Iran’s higher exports reflect its exploitation of a loophole in U.S. law that allows its customers to buy condensates, a very light oil, without fear of U.S. sanctions. Rising gifts of crude oil to Syria are not covered by the deal.
The Joint Plan of Action (JPA), announced in November, limits Iran to exporting roughly 1 million barrels per day (bpd) of crude averaged out over the JPA’s six-month implementation window. Iran subsequently busted through that limit every single month, until by late May Timothy Wilson, a visiting fellow at the Foundation for Defense of Democracies (FDD), calculated that it had become mathematically impossible for Iran to not end up violating the JPA restrictions.
When pressed on the issue at a late May press briefing, State Department Spokesperson Jen Psaki gestured toward an old administration talking point, under which Iranian oil exports would drop so much in the coming months that the average over the six-month period would end up around the JPA’s 1 million bpd figure.
Figures that emerged a few days after Psaki’s comments had Iranian oil exports actually increasing in May versus April, rather than precipitously sliding per the administration’s predictions. On Wednesday the State Department confirmed that Iran has also been shipping crude to Syria in recent months, which FDD Executive Director Mark Dubowitz described as “of clear financial and strategic benefit to Iran” in direct violation of the JPA’s caps.

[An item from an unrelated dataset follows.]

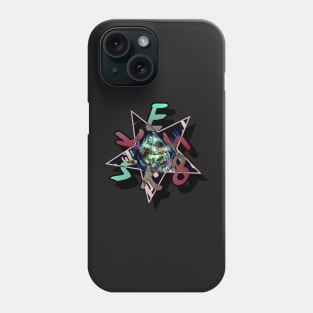 KES SK8 graffiti Phone Case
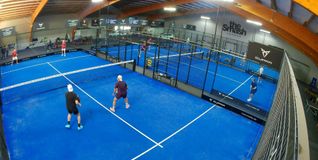 In Altdorf gibt es nun drei Courts unter dem Hallendach.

Bloomberg on Thursday wrote up roughly the same story – this one penned by the outlet’s veteran foreign policy writer Indira Lakshmanan and its Middle East energy correspondent Anthony DiPaola – which it began by noting that Bloomberg‘s own numbers, in line with independent estimates, had Iran far exceeding the JPA’s caps:
Iran’s oil exports have risen this year, according to Bloomberg calculations, a trend that threatens to violate U.S. sanctions on the Islamic Republic’s main source of revenue.
Shipments of Iranian crude oil and condensate have increased about 28 percent on average this year, according to an analysis of customs data from importing nations and figures from the International Energy Agency in Paris. If crude sales are up by the end of July, that would break an international accord to hold Iran’s oil exports at the same level in the first half of this year that they were at in the previous six months.
At stake are analyst and lawmaker concerns, described in both articles, that Iranian violations of straightforward export restrictions indicate that the regime cannot be trusted to implement a comprehensive nuclear deal.